* Goal of the exercise *
Write the data out again exactly, with every picture removed.

* Data excerpt *

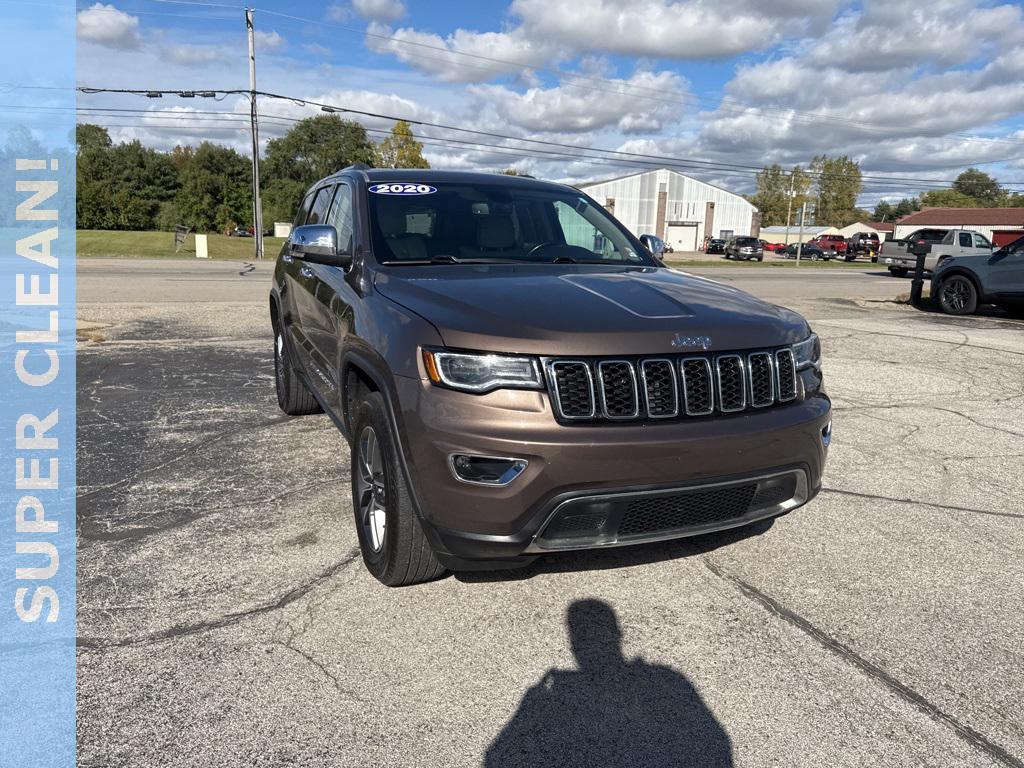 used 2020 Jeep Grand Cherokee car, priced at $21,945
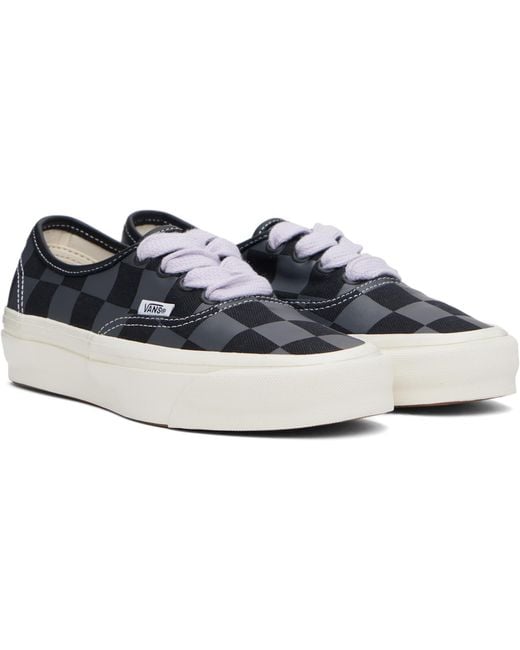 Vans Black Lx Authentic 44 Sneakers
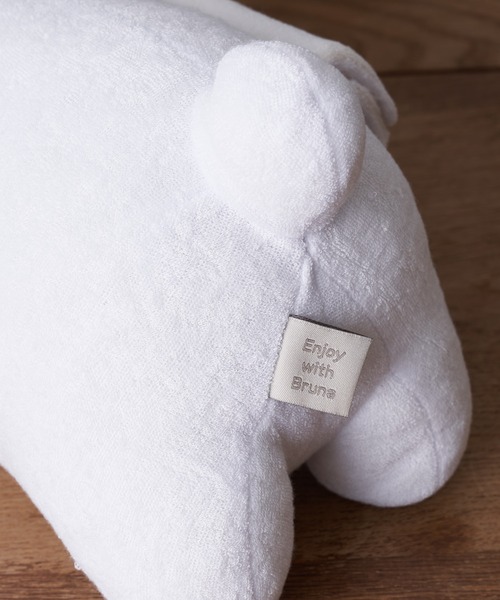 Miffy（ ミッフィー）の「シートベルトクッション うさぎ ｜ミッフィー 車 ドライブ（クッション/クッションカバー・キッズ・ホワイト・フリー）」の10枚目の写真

* Response *
 used 2020 Jeep Grand Cherokee car, priced at $21,945
 Vans Black Lx Authentic 44 Sneakers
 Miffy（ ミッフィー）の「シートベルトクッション うさぎ ｜ミッフィー 車 ドライブ（クッション/クッションカバー・キッズ・ホワイト・フリー）」の10枚目の写真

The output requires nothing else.